» Supplied entries
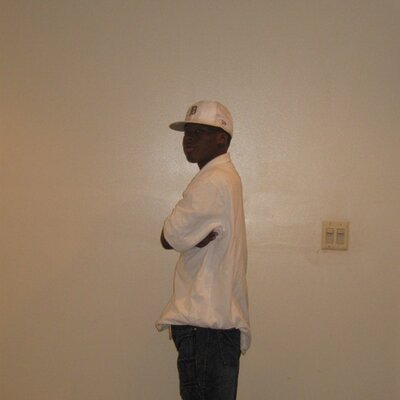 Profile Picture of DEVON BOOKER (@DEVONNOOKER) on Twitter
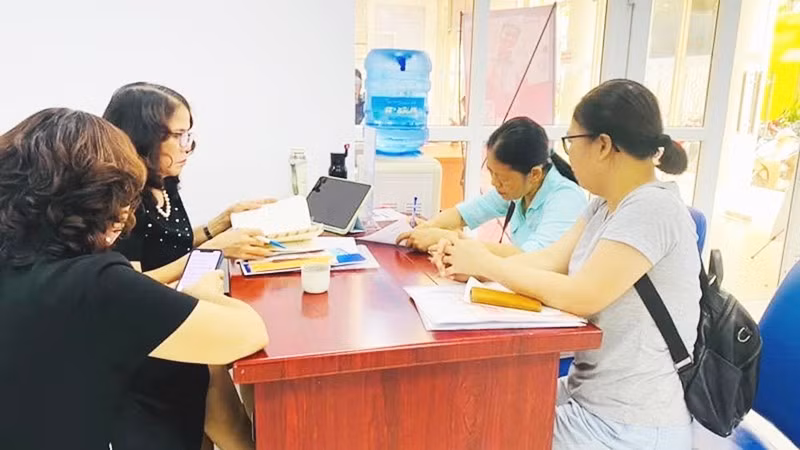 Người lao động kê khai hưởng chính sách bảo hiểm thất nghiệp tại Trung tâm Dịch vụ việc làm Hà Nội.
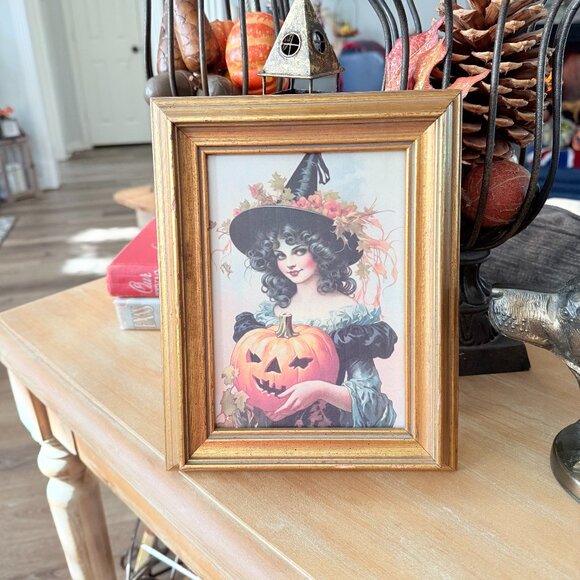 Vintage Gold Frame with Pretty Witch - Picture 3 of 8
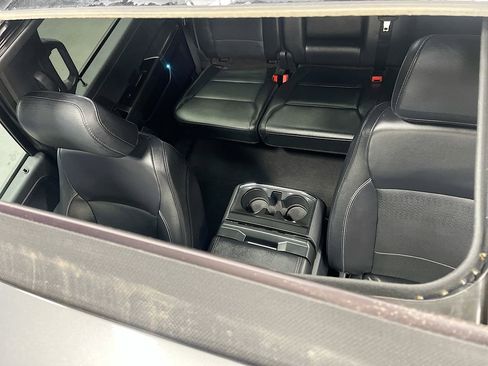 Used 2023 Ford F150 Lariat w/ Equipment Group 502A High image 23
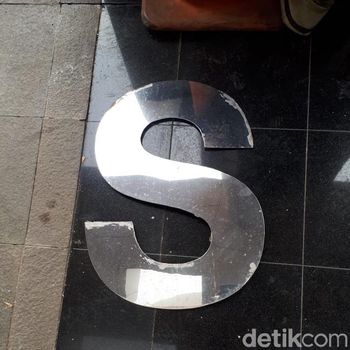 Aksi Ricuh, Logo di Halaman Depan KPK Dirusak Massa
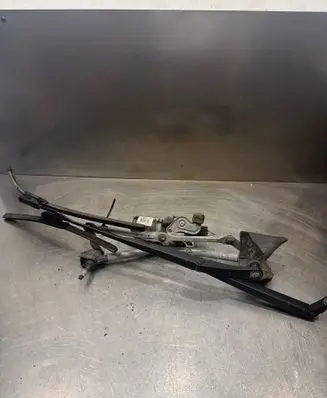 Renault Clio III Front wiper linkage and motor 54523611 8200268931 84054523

* * *

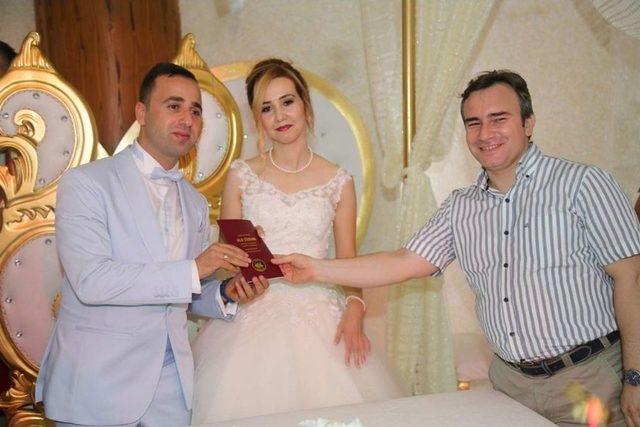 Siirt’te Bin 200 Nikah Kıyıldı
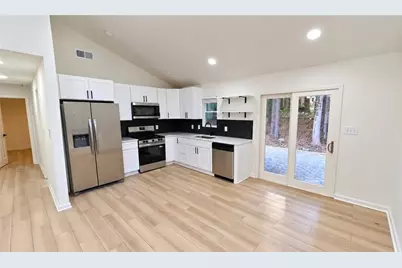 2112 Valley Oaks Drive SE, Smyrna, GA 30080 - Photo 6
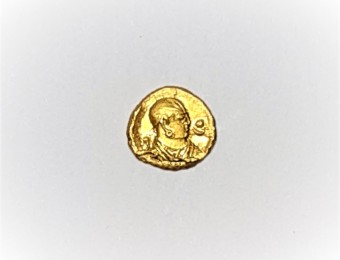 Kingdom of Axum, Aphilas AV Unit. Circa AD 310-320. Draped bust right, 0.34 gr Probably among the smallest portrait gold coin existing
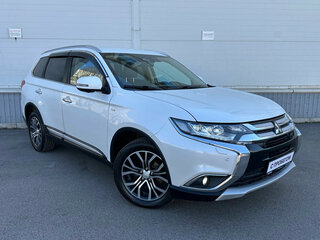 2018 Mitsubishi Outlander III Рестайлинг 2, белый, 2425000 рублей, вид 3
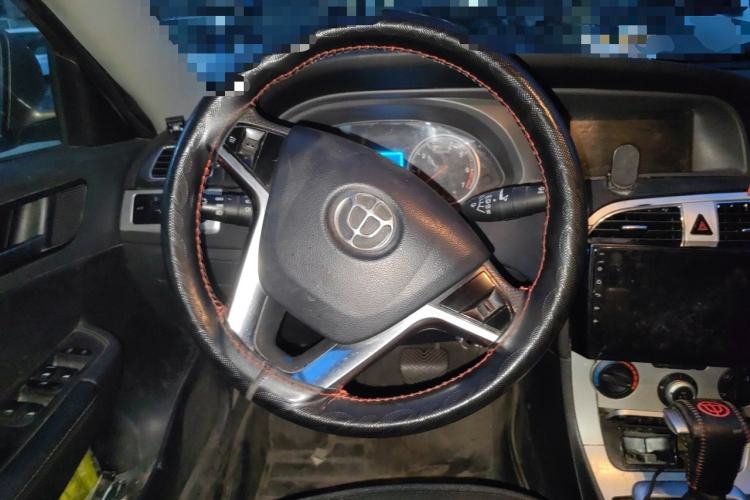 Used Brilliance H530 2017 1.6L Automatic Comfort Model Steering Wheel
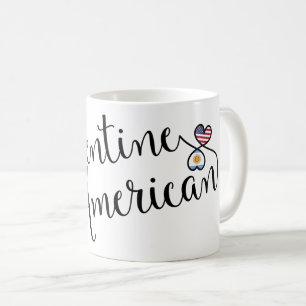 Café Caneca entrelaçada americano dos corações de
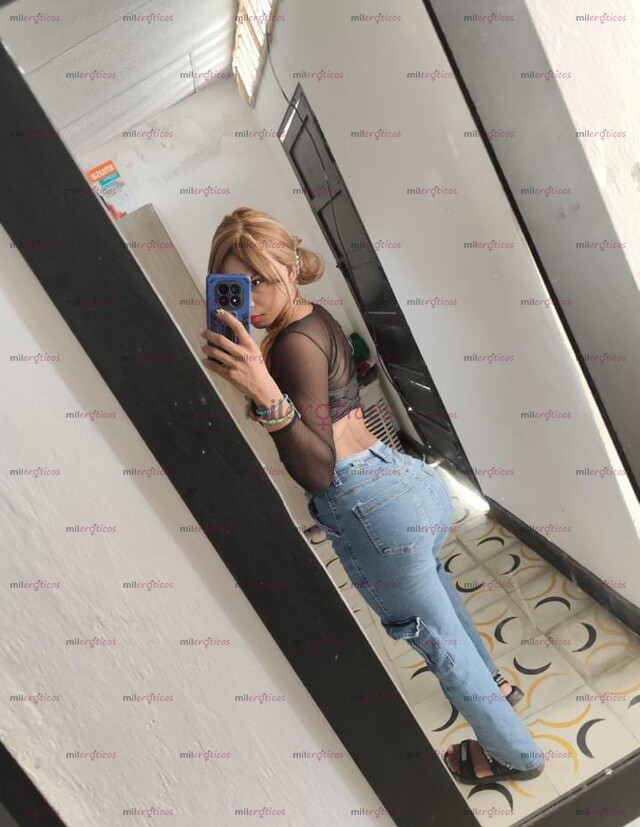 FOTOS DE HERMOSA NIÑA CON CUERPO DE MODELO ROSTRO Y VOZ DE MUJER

* * *

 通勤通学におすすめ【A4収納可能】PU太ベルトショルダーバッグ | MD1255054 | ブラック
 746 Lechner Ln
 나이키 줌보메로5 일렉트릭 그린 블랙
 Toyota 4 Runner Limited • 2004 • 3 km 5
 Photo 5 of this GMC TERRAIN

» Task objective
From the records above, copy exactly the lines starting at the one with "2018 Mitsubishi Outlander" and ending at the one with "FOTOS DE HERMOSA", and no others. Pictures stay out.

» Response to the task
 2018 Mitsubishi Outlander III Рестайлинг 2, белый, 2425000 рублей, вид 3
 Used Brilliance H530 2017 1.6L Automatic Comfort Model Steering Wheel
 Café Caneca entrelaçada americano dos corações de
 FOTOS DE HERMOSA NIÑA CON CUERPO DE MODELO ROSTRO Y VOZ DE MUJER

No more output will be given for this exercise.